Troubleshooting Snowpipe

This topic describes a methodical approach to troubleshooting issues with loading data using Snowpipe.

The steps to troubleshoot issues with Snowpipe differ depending on the workflow used to load data files.

Automatically loading data using Cloud Storage event notifications

Error notifications

Configure error notifications for Snowpipe. When Snowpipe encounters errors during a load, the feature pushes a notification to a configured cloud messaging service, enabling analysis of your data files. For more information, see Snowpipe error notifications.

General troubleshooting steps

Complete the following steps to identify the cause of most issues preventing the automatic loading of files.

Step 1: Check the pipe status

Retrieve the current status of the pipe. The results are displayed in JSON format. For information, see SYSTEM$PIPE_STATUS.

Check the following values:

lastReceivedMessageTimestamp

Specifies the timestamp of the last event message received from the message queue. Note that this message might not apply to the specific pipe, e.g., if the path associated with the message does not match the path in the pipe definition. In addition, only messages triggered by created data objects are consumed by auto-ingest pipes.

If the timestamp is earlier than expected, this likely indicates an issue with either the service configuration (i.e. Amazon SQS or Amazon SNS, or Azure Event Grid) or the service itself. If the field is empty, verify your service configuration settings. If field contains a timestamp but it is earlier than expected, verify whether any settings were changed in your service configuration.

lastForwardedMessageTimestamp

Specifies the timestamp of the last “create object” event message with a matching path that was forwarded to the pipe.

If event messages are getting received from the message queue but are not forwarded to the pipe, then there is likely a mismatch between the blob storage path where the new data files are created and the combined path specified in the Snowflake stage and pipe definitions. Verify any paths specified in the stage and pipe definitions.
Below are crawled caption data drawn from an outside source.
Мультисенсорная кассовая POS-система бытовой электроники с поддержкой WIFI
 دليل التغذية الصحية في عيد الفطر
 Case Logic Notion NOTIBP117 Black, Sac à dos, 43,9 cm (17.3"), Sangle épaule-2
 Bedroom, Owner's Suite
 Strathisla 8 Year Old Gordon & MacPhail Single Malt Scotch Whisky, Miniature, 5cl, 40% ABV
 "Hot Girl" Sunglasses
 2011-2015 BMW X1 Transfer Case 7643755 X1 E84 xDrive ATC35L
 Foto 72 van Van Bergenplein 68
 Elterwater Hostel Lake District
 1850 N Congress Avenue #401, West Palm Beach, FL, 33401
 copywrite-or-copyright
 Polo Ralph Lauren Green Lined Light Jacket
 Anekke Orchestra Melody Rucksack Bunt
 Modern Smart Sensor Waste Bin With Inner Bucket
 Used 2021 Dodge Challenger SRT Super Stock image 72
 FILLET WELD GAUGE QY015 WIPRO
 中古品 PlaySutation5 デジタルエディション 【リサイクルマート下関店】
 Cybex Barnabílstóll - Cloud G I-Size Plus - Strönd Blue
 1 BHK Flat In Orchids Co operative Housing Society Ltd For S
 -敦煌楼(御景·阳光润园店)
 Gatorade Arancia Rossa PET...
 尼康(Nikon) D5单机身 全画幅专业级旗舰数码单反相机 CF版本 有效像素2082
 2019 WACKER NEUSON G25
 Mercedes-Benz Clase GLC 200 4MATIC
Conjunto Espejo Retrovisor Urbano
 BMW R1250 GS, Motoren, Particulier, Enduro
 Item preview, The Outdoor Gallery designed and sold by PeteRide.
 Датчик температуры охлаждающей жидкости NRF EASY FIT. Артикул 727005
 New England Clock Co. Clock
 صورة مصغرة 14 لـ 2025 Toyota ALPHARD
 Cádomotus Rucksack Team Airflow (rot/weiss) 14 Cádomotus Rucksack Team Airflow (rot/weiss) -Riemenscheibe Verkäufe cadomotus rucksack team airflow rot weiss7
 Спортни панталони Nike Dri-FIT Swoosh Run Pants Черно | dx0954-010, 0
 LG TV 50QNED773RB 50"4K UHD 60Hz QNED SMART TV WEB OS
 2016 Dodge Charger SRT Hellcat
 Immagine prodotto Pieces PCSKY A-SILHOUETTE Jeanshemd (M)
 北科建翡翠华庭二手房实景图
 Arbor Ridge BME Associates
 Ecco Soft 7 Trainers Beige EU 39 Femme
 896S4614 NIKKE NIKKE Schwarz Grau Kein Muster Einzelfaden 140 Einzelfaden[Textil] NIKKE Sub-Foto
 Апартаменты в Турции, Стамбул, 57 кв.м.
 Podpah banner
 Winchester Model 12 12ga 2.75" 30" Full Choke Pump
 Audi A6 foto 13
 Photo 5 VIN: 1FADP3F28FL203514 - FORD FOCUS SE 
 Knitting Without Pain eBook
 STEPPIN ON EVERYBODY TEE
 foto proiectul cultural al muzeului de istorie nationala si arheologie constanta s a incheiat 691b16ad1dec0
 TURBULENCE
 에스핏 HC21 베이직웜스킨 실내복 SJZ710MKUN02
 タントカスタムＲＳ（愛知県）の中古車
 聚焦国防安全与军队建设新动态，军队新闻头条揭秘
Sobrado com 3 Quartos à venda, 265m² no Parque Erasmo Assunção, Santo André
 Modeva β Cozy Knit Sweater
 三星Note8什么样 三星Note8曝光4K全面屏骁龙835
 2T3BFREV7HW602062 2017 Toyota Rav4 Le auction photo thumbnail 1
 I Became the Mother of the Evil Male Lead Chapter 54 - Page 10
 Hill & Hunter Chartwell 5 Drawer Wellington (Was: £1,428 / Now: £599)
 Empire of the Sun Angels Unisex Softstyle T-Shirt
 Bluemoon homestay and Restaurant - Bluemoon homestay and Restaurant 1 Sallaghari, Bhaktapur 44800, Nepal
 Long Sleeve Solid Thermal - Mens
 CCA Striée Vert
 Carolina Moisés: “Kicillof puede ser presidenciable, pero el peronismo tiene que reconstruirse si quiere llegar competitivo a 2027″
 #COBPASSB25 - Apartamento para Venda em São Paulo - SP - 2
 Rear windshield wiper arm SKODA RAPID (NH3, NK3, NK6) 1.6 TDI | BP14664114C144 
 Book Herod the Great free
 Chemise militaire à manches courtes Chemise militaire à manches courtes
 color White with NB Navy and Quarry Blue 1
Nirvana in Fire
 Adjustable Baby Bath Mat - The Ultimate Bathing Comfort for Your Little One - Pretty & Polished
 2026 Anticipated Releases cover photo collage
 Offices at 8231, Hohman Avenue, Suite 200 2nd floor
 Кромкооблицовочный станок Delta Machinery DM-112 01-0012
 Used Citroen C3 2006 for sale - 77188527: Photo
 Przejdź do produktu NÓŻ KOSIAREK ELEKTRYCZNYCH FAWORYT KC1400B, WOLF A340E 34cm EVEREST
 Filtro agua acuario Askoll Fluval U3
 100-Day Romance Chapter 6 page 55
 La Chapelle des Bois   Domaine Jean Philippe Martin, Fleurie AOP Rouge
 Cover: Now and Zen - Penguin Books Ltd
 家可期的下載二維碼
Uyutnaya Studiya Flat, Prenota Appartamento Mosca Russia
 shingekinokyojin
Note that a path specified in the pipe definition is appended to any path in the stage definition.

Step 2. View the COPY history for the table

If event messages are getting received and forwarded, then query the load activity history for the target table. For information, see COPY_HISTORY.

The STATUS column indicates whether a particular set of files was loaded, partially loaded, or failed to load. The FIRST_ERROR_MESSAGE column provides a reason when an attempt partially loaded or failed.

Note that if a set of files has multiple issues, the FIRST_ERROR_MESSAGE column only indicates the first error encountered. To view all errors in the files, execute a COPY INTO <table> statement with the VALIDATION_MODE copy option set to RETURN_ALL_ERRORS. The VALIDATION_MODE copy option instructs a COPY statement to validate the data to be loaded and return results based on the validation option specified. No data is loaded when this copy option is specified. In the statement, reference the set of files you had attempted to load using Snowpipe. For more information about the copy option, see COPY INTO <table>.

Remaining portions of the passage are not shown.